Sercan Taş: Doksanların sonuna doğru yapılan alternatiften bahsediyorsanız o zamanların iyileri hala çok iyiler. Onun dışında, nereye çekilirse sorgulamadan oraya giden bir toplumda yaşıyoruz. Bu noktada, alternatif müziğin ülkemizde öncelikli olmadığını düşünüyorum.

Sercan İke: Son dönemde sesini duyuran alternatif müziğe katkısı olan birçok grup da çıktı, bu da aslında olumlu sayılabilecek bir gelişme, yeni müzikler, yeni dinleyici profili de yaratıyor ve farklı müzik türlerine olan ilgi git gide artıyor.

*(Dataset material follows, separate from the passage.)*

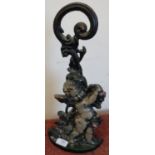 Heavy cast metal doorstop in the form of a cherub (height 42cm)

Posted by Son Uçurtma on Sunday, January 6, 2019

Ahmet Kaya, Mehmet Güreli gibi isimlerin şarkılarını seslendiriyorsunuz. Cover yapacağınız şarkı ve sanatçıları neye göre belirliyorsunuz?

Arman Fakhrzadeh: Doğrusu, çalarken kendimizin de dinlemeyi sevdiğimiz, aynı zamanda çalmaktan da zevk aldığımız şarkıları seçmeye dikkat ediyoruz. Hem de bunu yaparken Mehmet Güreli, Ahmet Kaya gibi sanatçıların şarkılarını insanlara dinletebilmek de bizim için bir mutluluk.

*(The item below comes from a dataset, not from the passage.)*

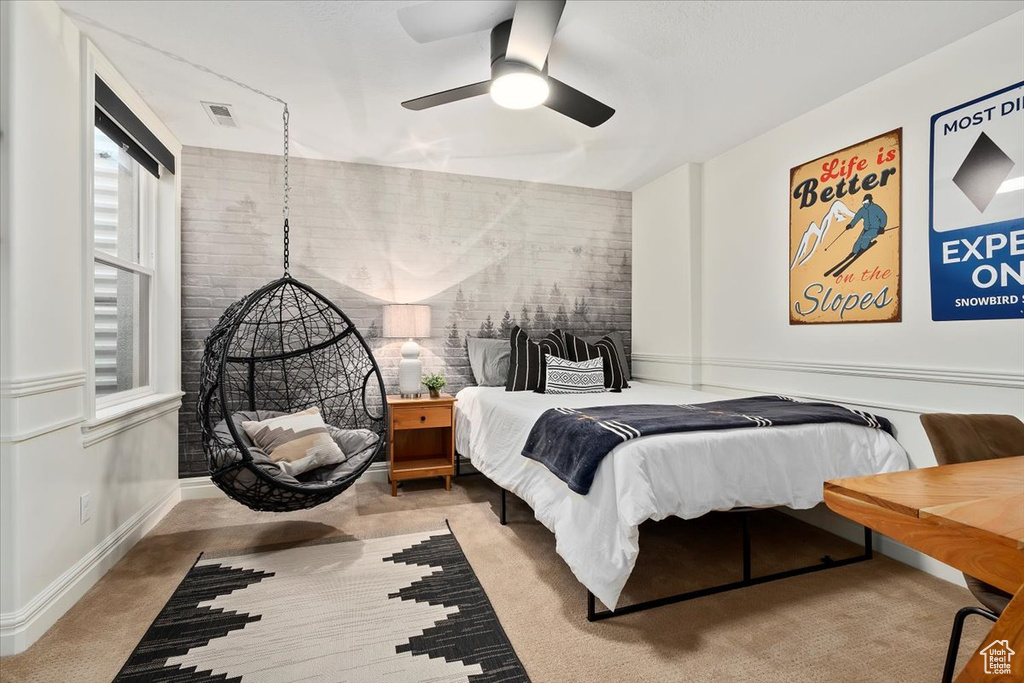 Bedroom featuring carpet, ceiling fan, and brick wall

MEKAN SAHİPLERİNİN MÜZİSYENE SAYGI DUYMADIĞI BİR ORTAMDA MÜZİK NE KADAR SAĞLIKLI OLABİLİR Kİ!

Ankara müzik sahnesi hakkındaki görüşünüz ne? Mekânlar, dinleyici vs gibi bileşenler müzik yapan gençleri nasıl etkiliyor?

Sercan İke:  Ankara’da mekânların çoğu öncelikle kitle toplayabileceğini düşünen gruplarla çalışma yolunu tercih ediyor. Tamamen ticari kaygılar yüzünden, işte “şu kadar insanı toplayabileceğinizi düşünüyorsanız burada sahne alabilirsiniz” gibi. Bizim sahne talebimize karşı bir taleple geliyorlar. Yahut hak ettiği ücretleri alamayan, saatlerce çaldığı halde değerinin karşılığını bulamayan müzisyenler var ve bu maalesef çokça karşılaştığımız bir durum. Mekân sahiplerinin müzisyene saygı duymadığı bir ortamda müzik ne kadar sağlıklı olabilir ki? Ancak olumlu şeyler de var Ankara’da çoğu yerli gruba maddi, manevi destek olan 1-2 mekân da var. Bu nedenle bizim Ankara’da çaldığımız mekân genelde bellidir. Eskiden insanlar müzik dinlemeye giderdi şimdi müzisyenlerin çoğu maalesef insanlar gelip dinlesinler diye müzik yapar hale geldi. Bunun en büyük sebebi de müziğin çok çabuk tüketilir hale gelmesi ve esas amacın müzik olmaması, popüler müzik her dönem varlığını sürdürecek ancak kalıcı olmayacak fakat biz seneler de geçse Fikret Kızılok dinlemeye devam edeceğiz.

YENİ ŞARKI YOLDA

Önümüzdeki günler için planlarınız neler? 

Sercan Taş: Önümüzdeki birkaç yılı kapsayan bir plan hazırlığı içerisindeyiz. Birçok yeni şarkı hazırladık. Yakın zamanda da Soldu Yine isimli şarkımızı kaydettik. Şubatta bu şarkıya klip çekip yayınlayacağız.